20Encore n’est-ce rien si l’on ne prend pas en compte la dissemblance et le mouvement.
21L’extase du récit, la syncope des entretiens, le fouet des médisances, l’enthousiasme dramatique, la passion du discours s’abandonnent au vertige de la phrase. Chaque mot est un tourbillon. La syntaxe est une mise en mouvement. C’est en se jetant dans le for extérieur de la langue que la pensée trouve sa chance et son salut.
22Ce « diable de ramage » va de réplique en réplique, de riposte en riposte, d’un mot jeté à sa relève immédiate, entre l’explication des phénomènes par la géométrie et leur mise en jeu dans l’élan de la parole. Vitalisme de l’œuvre. « Montrer, exposer au grand jour, divulguer sont chez Diderot des actes privilégiés, qui font aller de pair l’impudeur et la curiosité scientifique, l’indiscrétion et l’athéisme », écrit Starobinski, qui fait aller de pair deux types d’analyse.
23Il s’agit d’abord de découper un extrait – l’effet de coupe des citations tranche net dans l’espace de la page – pour commenter longuement, précisément, le passage choisi, avec une attention particulière aux figures rhétoriques.

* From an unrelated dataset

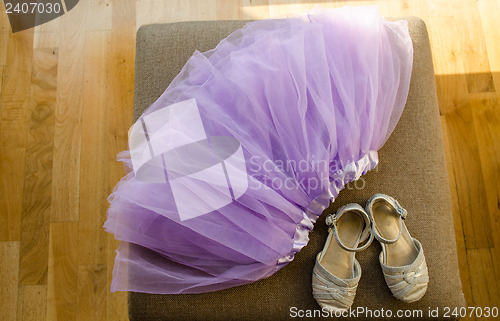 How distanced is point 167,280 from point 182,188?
216mm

Ne sont-elles pas elles-mêmes comme des danseuses qui s’exhibent sous nos yeux ? Antithèses, parallélismes, anadiploses, épiphores, polyptotes, vous voici, de manière à mettre au jour les glissements du sens et le déboîtement des fonctions grammaticales, le principe de variabilité et le dessaisissement du sujet par lui-même.
24De là, de ce premier extrait, c’est l’œuvre tout entière qui est sollicitée, que le critique prend en charge, avec la bibliothèque du temps, comme on va de la plante des pieds voluptueuse de la Sultane aux pieds martyrs de Suzanne, du genou douloureux de Jacques à la jambe de Vénus ou de la Putiphar qu’exhibe la peinture.
25C’est le fusil à deux coups de Jean Starobinski.
26Avec pour visée ultime – où se reconnaît le faste de sa pensée – la civilisation des Lumières, qui invente la liberté, où s’emblématise la raison.
27Le livre n’est pas le dedans que l’on croit, le retrait de la page dans le repli du volume dans le refuge du cabinet dans l’intimité de la maison, le livre se donne passionnément au dehors. Il faut lire Diderot dans son plein air où l’ordre du sensible et l’ordre du discours, le vrai et le beau, la vertu et la malice échangent leurs attributs.
28Il y avait l’ouïe, il y avait la vue, mais le sens du toucher est lui aussi extrêmement sollicité. Si votre plumage ressemble à votre ramage…, se disent à la vue de l’Oiseau blanc les filles du couvent. De là les caresses, les agaceries d’Agariste (la flatterie de l’allitération), l’érotisation comme mise en mouvement des corps dans le mouvement du monde, et l’extase des sens dans un écouter-toucher-voir – l’une de « ces sensations mixtes qui font les délices des âmes délicates », note Starobinski – qui mène à jouir.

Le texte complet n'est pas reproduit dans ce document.